Ni voyez aucune trace de méchanceté ou désir de moquerie. Lorsque je regarde à la télévision des championnats d’athlétisme, championnats du monde ou jeux olympiques, j’adore m'attarder, lors des séries de courses, sur les représentants de pays improbables qui vont terminer bons derniers. J’aime bien qu’ils soient là. Vous savez ces petits bonhommes qui sur 100m moulinent derrière les « cadors » pour terminer 10 mètres derrière. Notez bien que 10 mètres derrière sur un 100m à cette allure-là, ça fait à peine une seconde. Et qu’est-ce-que c’est qu'une seconde ? Juste le temps qu’il vous faut pour tourner la page de votre livre.
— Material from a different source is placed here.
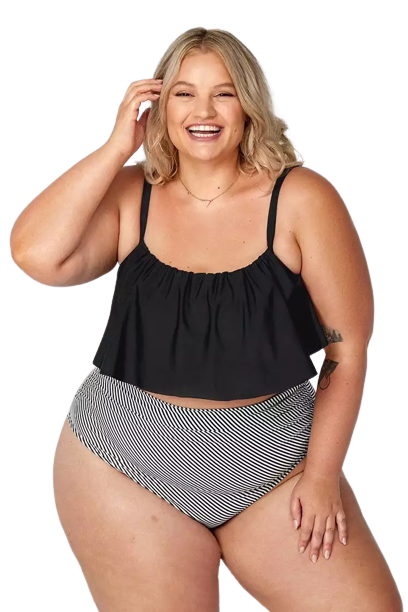 CUPSHE Dwuczęściowe bikini plus size z falbanką z wysokim stanem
J’aime bien qu’ils soient là parce que peut être qu’en les voyant je me souviens qu’en 1976 mon record sur 100m était tout juste de 11 secondes. Oui, ça ne saute peut-être pas aux yeux aujourd’hui mais j’ai été un athlète. Dans le sens « pratiquant l’athlétisme », ne nous enflammons pas.
1976, c’était aussi l’année des JO de Montréal où le 100m s’est gagné en 10s06. Voilà, entre le médaillé d’or des JO et moi il n’y avait qu’une seconde d’écart. Ça pourrait faire rêver si on ne savait pas qu’au niveau mondial dans cette seconde-là vous pouvez mettre des milliers d’athlètes. J’aurais donc pu être ce petit bonhomme qui mouline derrière les « cadors » en tant que représentant de la République Indépendante de Picardie. Eh oui, ça fait RIP mais ce n'est pas de ma faute s'il y a des gens qui ont sabordé la Picardie en inventant les Hauts-de-France. Du coup, avant, j'étais Picard mais maintenant je ne sais pas trop. Hautain, peut-être ? Français d'en haut ? Va savoir.
Cette fameuse seconde peut s’avérer être la porte du bonheur si on parvient à la gagner
Enfin, revenons à nos moutons qui courent vite car ce petit rappel chiffré permet de relativiser la notion du temps. Les sportifs, ceux qui pratiquent des courses en compétition, que ce soit en athlétisme, en natation, en cyclisme etc. savent très bien tout ce que l’on peut mettre d’efforts, de sueurs et d’heures d’entraînement pour tenter de combler cette petite seconde. Personnellement, je n'ai jamais été foutu de «casser » la barre des 11 secondes au 100m. Peut être parce que je n'y ai pas mis assez de sueur ou, qu'à l'inverse, j'ai mis trop de bières. Ou que je n'en avais simplement pas les capacités. Je m'en suis remis.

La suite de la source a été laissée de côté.